Lexington council throws years of planning out the window on urban boundary vote | Opinion
The LFUCG Urban County Council’s recent first venture into local land use policy-making was less than impressive. It is a rookie Council, and it made a major unforced error in deciding to give developers a 5,000 acre expansion of the Urban Service Area.
First of all, the Planning Commission, not the Council has legal responsibility for deciding about any expansion. Kentucky law (KRS 100) says so. The Council’s responsibility stops at requiring the PC to find “enough” land for Lexington’s projected growth, not a specific acreage. For more than two years the Planning Commission and Staff collected and analyzed thousands of data points and hundreds of citizens’ opinions to arrive at a fact-based conclusion that no enlargement of the US Area is needed to accommodate Fayette County’s growth for at least the next five years. This thoughtful process replaced the traditional and ugly political “arm wrestling for acres” that occurred with every update. Now, developers have convinced the Council to get back into the mud pit of political fighting.
Having struck out with the Planning Council, developers decided to take their unwarranted demand for more land to the new Urban County Council. Under the spell of Developers’-Lawyer-and-Council Member Preston Worley and developer-backed group “Lexington for Everyone,” they threw all that work out the window in order to produce Comprehensive Plan language that orders the PC to find 2,700 to 5,000 acres to add to our city. Most Council Members seemed to vote with their hearts, not their heads, responding to the developers’ self-serving cry that more land is needed in order to build lots more “affordable” housing. They appear to be true believers in the discredited basic idea of “trickle down economics:” treat the rich (developers) good, and they’ll do good things for people of lesser means (the rest of Lexington). The choice of some Council Members to believe developers’ false claims and hollow promises, while ignoring the conclusions of multiple official studies of our growth needs—paid for by Lexington taxpayers—would be misfeasant, if they weren’t so sincere.

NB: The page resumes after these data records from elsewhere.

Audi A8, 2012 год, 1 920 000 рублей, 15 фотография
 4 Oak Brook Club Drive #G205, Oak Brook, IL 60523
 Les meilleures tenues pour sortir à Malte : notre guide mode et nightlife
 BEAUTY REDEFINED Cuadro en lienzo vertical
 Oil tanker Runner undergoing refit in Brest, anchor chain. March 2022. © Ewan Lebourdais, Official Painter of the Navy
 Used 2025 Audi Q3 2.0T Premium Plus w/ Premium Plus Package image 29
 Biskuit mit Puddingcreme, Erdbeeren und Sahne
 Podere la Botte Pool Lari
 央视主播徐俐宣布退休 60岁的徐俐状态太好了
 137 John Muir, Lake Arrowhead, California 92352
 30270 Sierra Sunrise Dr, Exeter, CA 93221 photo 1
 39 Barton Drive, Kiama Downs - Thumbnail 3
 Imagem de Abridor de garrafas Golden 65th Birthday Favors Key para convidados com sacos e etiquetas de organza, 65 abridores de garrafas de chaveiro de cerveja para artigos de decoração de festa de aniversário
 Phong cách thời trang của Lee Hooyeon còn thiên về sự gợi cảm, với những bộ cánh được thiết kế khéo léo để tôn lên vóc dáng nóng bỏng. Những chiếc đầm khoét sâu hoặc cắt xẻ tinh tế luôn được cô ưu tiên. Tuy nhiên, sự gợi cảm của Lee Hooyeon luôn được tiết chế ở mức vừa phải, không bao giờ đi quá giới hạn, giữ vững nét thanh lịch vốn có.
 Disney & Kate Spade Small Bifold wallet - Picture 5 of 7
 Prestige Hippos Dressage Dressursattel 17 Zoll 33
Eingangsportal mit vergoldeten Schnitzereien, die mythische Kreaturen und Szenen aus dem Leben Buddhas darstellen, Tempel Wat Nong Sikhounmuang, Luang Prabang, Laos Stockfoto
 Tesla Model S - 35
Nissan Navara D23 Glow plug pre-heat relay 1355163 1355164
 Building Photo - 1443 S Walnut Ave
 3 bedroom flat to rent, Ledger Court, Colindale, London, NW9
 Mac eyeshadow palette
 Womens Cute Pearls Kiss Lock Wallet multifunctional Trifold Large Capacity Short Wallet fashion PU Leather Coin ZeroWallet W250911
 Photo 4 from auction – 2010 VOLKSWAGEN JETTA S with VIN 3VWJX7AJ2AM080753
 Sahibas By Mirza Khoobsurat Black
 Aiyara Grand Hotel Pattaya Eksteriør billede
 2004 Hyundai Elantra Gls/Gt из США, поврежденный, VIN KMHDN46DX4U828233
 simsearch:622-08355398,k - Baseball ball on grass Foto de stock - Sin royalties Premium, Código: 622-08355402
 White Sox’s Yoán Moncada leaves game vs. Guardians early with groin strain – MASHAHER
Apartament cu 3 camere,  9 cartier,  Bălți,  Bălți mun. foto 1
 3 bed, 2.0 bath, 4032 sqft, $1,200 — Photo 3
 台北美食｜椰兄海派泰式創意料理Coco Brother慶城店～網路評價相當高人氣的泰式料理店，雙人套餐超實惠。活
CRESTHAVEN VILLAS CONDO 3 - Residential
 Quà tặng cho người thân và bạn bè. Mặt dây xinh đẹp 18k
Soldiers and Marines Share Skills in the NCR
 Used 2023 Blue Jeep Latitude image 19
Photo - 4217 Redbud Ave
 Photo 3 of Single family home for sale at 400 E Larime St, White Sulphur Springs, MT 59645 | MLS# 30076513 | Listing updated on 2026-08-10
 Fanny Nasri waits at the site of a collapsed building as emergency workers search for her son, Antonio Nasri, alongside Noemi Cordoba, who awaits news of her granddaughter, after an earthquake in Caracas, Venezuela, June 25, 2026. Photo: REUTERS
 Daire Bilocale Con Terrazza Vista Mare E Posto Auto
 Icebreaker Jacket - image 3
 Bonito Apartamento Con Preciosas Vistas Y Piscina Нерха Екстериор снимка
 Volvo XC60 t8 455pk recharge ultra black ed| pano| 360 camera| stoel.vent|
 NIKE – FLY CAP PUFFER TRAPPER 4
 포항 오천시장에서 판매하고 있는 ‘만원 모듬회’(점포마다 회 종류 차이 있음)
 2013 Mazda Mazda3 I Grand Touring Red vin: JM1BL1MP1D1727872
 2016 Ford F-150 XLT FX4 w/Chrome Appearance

What most of these folks don’t seem to know is that in 1996, developers were given another 5,000 acre expansion, without justification, in a political process just like this one, and today, 27 years later, only half of this older acreage has been developed, and despite the same promises about building “affordable” housing, that didn’t happen. Today, the verifiable facts about our growth needs say that there is right now enough land inside the boundary to accommodate our expected population growth, and the job growth that goes with it. What is needed to take advantage of this opportunity are developers who will build the kind of housing and commercial buildings that fits on, and looks good in, the thousands of acres of “infill and redevelopment” land already available inside the present area.
Developers and Mr. Worley have baited the Council into leaving the right path of deciding future growth issues in Fayette County, by offering vague promises of relief for the needy, based on wrong assumptions and fake “facts”. And the Council fell hard for it, threatening Lexington’s high quality of life, and putting themselves in a position to be sued.
If the Council wants to take over the duty of deciding USB questions, it should start the entire process of Imagine Lexington over again, with public input and all, and plan to spend a couple of years gathering and analyzing data before making policy decisions about growth.
It is not appropriate for Council to arrive at the eleventh hour of this multi-year undertaking, and make decisions that essentially hijack the proceedings. If this unwarranted expansion of the Urban Service Area stands, the very least the Council can do to actually help Lexingtonians is to formally require verifiably “affordable” (even “permanently affordable”) housing be built on at least half of any included acreage. Lacking such a commitment, it can be conclusively said that expanding the USArea will not increase the supply of affordable housing, and if given more land to build on, developers won’t be building affordable houses, anyway. The Council should know better.
David B. Powell is a retired physician, a Lexingtonian since age 4, and wants to make living in Lexington truly good for all of us.